Cliches annoy me. They roll too easy off the tongue and involve little thought. But they exist because they are mostly true.
They say that:
Home is where the heart is.
It’s like a stupid sign I would hang in the living room as a decoration. I had certainly bought into that idea without putting thought into. Like, yes my address where I live is also where my family lives. And until the divorce the idea of “Home” was simply a structure with walls and roof. A home was a thing you paint and fill. Something you pay for and something you can sell. I was confused. Now I would define that as a “House”.
When I left him I referred to myself as “Homeless”. And that was, at the time because I didn’t have a place that was “mine” anymore. No tangible object to go to that was my own. But that popular phrase, or at least the popular application of that phrase is wrong. I was definitely “Houseless”. But if we consider the idea of a home being more of a state of mind, then yes, I was also homeless.
That man shredded my heart, it was in pieces and strewn in every direction, I was frantically picking up the pieces trying desperately to be whole again. I often spoke to those who would listen about how my heart was so broken I felt there was nothing left. So if home really is where the heart is, I truly was homeless.
Slowly I managed to accept my fate, and learn how to be strong. I found that despite my profound darkness I was surrounded by an abundance of love and I would fix my sad little broken heart and I was not homeless. I was home.
My little boy and his sweet face were my home. Where ever we were together, I was home. That tiny life that I grew and nurtured had helped me fix my wounded heart, how silly of me for not seeing that it was him that had stolen my heart after it was destroyed. He would look at me with his big sparkly eyes full of curiosity and love and I felt every problem I was thinking mute inside me. I would wake up to a house full of love, not the house I thought I would end up back in but my parent’s house. My dad brewed coffee and had cartoons on for when the little guy and I came down. My mom was waiting at the end of the stairs for her morning hug. Love. Everywhere. I am home. Yeah I don’t have a place that is “mine”, maybe one day I will figure that out. But most importantly my baby boy is enveloped in nothing be love.
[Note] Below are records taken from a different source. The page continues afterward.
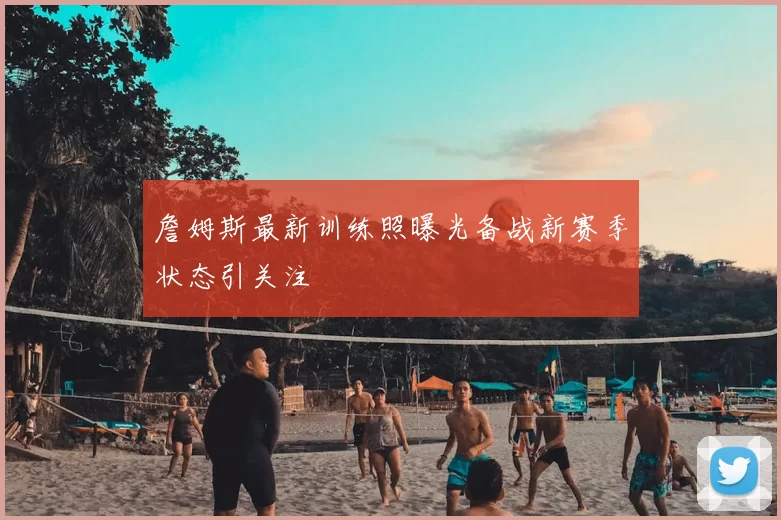 詹姆斯最新训练照曝光备战新赛季状态引关注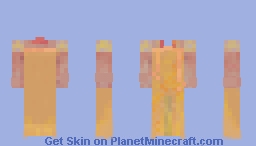 Summer Sunset Hanfu | LOTC Minecraft Skin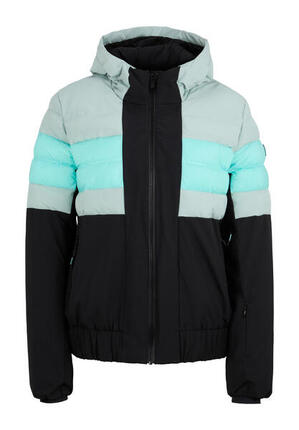 Skijacke TINDIA-Z dunkelgrün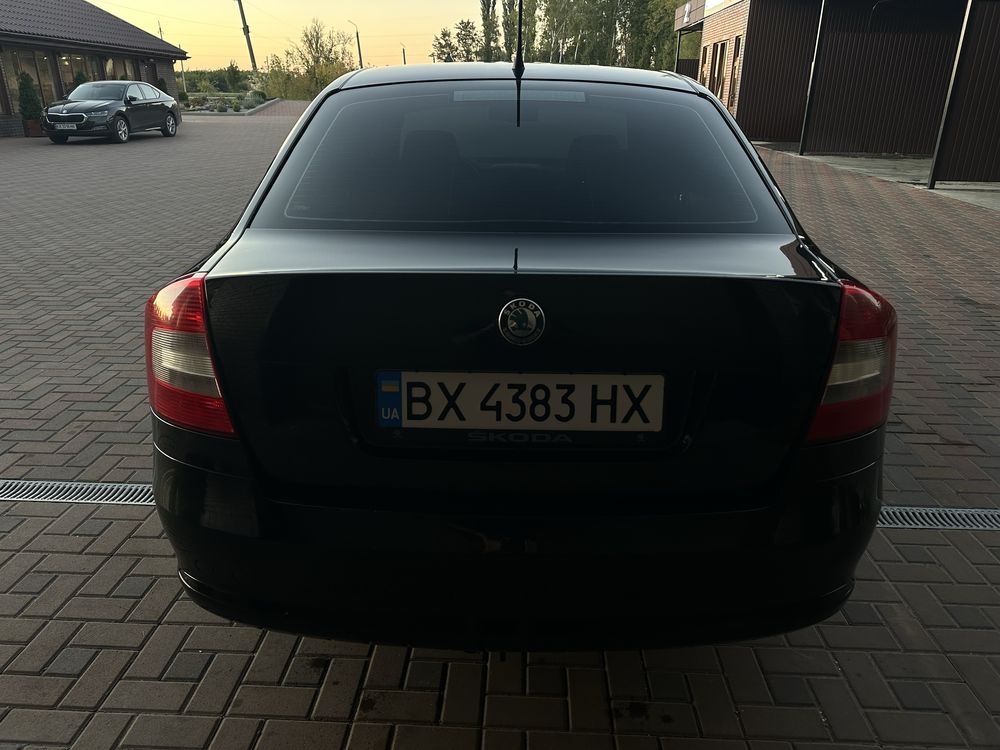 Skoda Octavia A5 1.6 TDI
Those 3 nights a week when he is gone, those are the hardest. That is when I truly feel lost, homeless, like someone stole a piece of me.
Those are the nights I lean on J. When I am with him I am home. As I am with the little guy. Something about him fills me up and I am overflowing with love. My fragile little heart rests peacefully in those moments, safely where it belongs.
So now, instead of feeling sorry for myself that I do not have a house, I bathe myself in all the wonderful, beautiful loving beings I am surrounded by.
Home is certainly where the heart is.